Watch The Contractor on Prime Video now
To lend a hand to Saleh there is Chris Pine. Who, as we’ve already got to say, is for some odd reason the favorite actor of Quentin Tarantino (which, however, you have not cast him in one of his films) and who is applying to become for Prime Video something like that Adam Sandler and for Netflix.
Here Pine it is the quintessence of implosion and torment, a torment managed in a stoic way and with a refined inexpressiveness, linked to the ideals of endurance, sacrifice and the imperative to keep a cool head and clear head even in the most tense situations.
That of Pine he is an anti-hero compressed between the weight of a life spent pursuing certain ideals (not all very healthy) and that of new, complex and painful awareness that emerge, and that emerge from the need for salvation.

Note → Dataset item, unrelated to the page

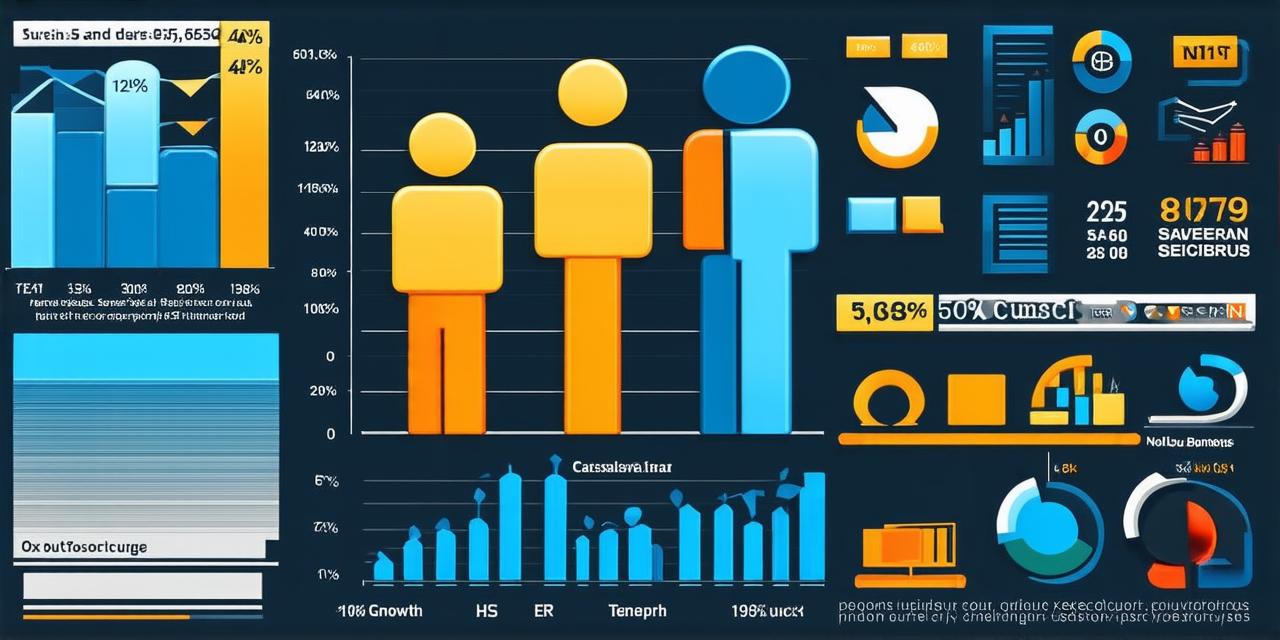 Market size of HR outsourcing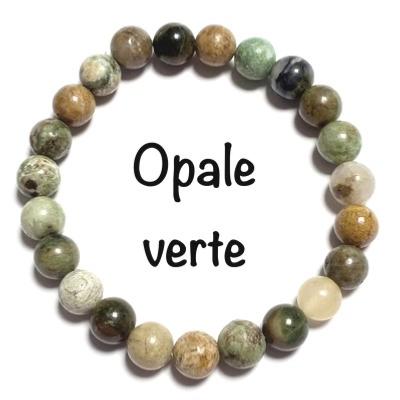 OPALE VERTE BRACELET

The resolution of the events, in The Contractor, is ambiguous, perhaps deliberately, certainly predictable. But once again: it’s not a question of script, but of direction. Directed by a Tarik Saleh who puts his signature on scenes and shots even when he seems to pretend nothing has happened, and to be a mere performer.
A direction that, while you watch The Contractorhis darker than reflective moments, the management of his dialogues (those between Pine And Ben Fosteris between Pine And Kiefer Sutherlandis between Pine And Eddie Marsanfor example), his highly studied and naturalistic effective action scenes, makes you think that well, in a film like this you weren’t expecting certain things at all.
Which, it seems to me, is a result that should not be underestimated.